ABSTRACT
Merkel cell carcinoma (MCC) is a rare and aggressive neuroendocrine skin cancer. Until recently, no durable treatment options were available for patients with advanced disease. As an immunogenic cancer, MCC was hypothesized to be a candidate for PD-L1/PD-1 targeted therapy. On March 23, 2017 the US Food and Drug Administration granted accelerated approval for avelumab, an anti-PD-L1 monoclonal antibody, for the treatment of metastatic MCC on the basis of the JAVELIN Merkel 200 trial. Here we examine the results and implications of this pivotal study, published in Lancet Oncology by Kaufman et al., as well as current developments in the use of immune-checkpoint therapies for treating patients with MCC.

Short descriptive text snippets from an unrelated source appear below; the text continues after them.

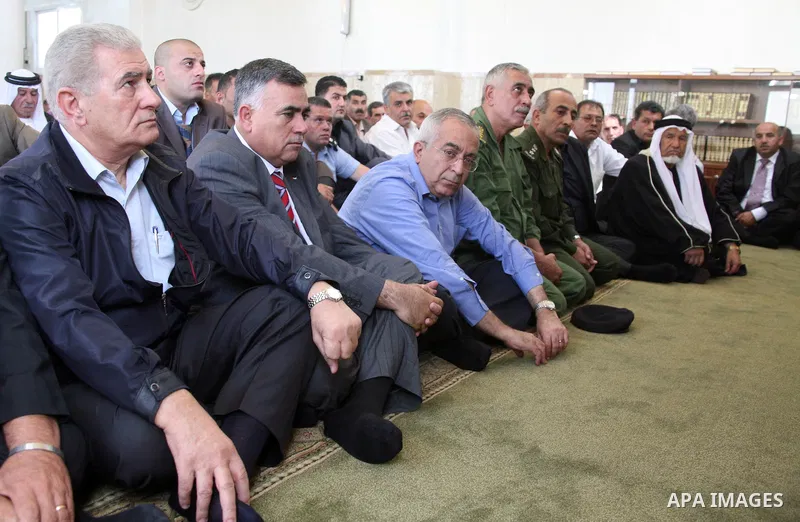 Palestinian prime minister Salam Fayyad attends Friday prayer among Palestinian officials at a West Bank mosque that was desecrated and burnt by jewish settlers in the village of Beit Fajjar, south of Bethlehem, on Octob...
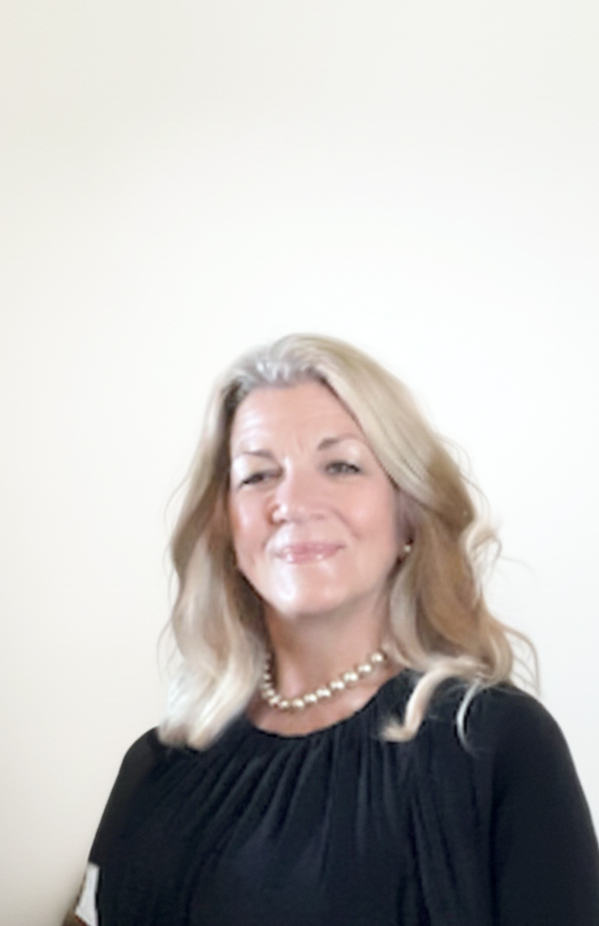 A woman with blonde hair wearing a black top and pearl necklace, smiling at the camera against a plain white background.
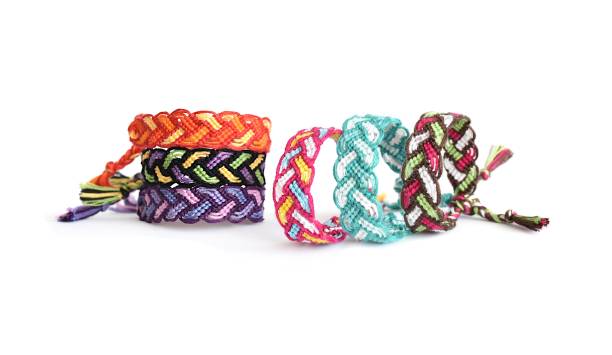 istock Selective focus of multi-colored woven DIY friendship bracelets Pigtail handmade of embroidery bright thread with knots isolated on white background 1298582033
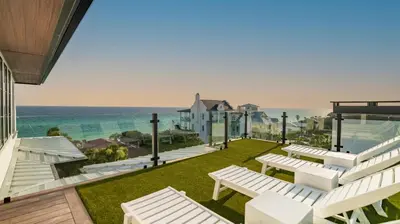 a patio with white chairs and a view of the ocean at Above & Beyond in Santa Rosa Beach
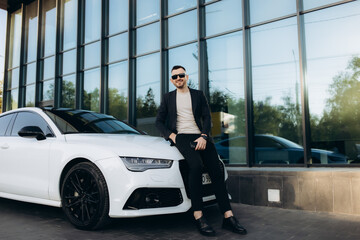 Portrait of rich businessman wearing suit, standing near his luxury black car and using smartphone...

Merkel cell carcinoma (MCC) is a highly aggressive neuroendocrine skin cancer. MCC is a rare cancer with an annual incidence rate of 0.79 per 100,000 people in the US (∼2000 cases/year), however on a case by case basis it is more deadly than melanoma.Citation1 Until recently, the standard treatment for metastatic MCC was chemotherapy, but responses were not durable with a mean progression-free survival of only 3 months.Citation2 With a rising incidence rate and a disease-specific mortality of 46%, new therapies were needed for MCC.Citation1,3 In March of 2017 avelumab, an anti-PD-L1 monoclonal antibody, became the first FDA approved treatment for metastatic MCC on the basis of the results of the JAVELIN Merkel 200 trial published by Kaufman et al. in Lancet Oncology in September of 2016.Citation1
The emergence of checkpoint inhibitors and other immunotherapeutics has revolutionized the cancer treatment field in recent years. MCC was thought to be a good target for this therapeutic approach for a variety of reasons. First, MCC has a higher incidence rate in elderly and immunosuppressed populations, and has a worse prognosis in both populations.Citation3 Moreover, 80% of Merkel cell carcinomas are associated with integration of the Merkel cell polyomavirus, while the other 20% are associated with a high number of UV-induced mutations.Citation1 It was thought that viral antigens or neoantigens produced as a result of UV-signature mutations would provide good epitopes for the body's cellular immune response.Citation3,4 Indeed, MCC survival has been shown to correlate with high levels of intratumoral CD8+ T cells.Citation5 Despite the evidence that immune responses are important for controlling MCC, some tumors are still able to evade immune detection and cause disease in patients.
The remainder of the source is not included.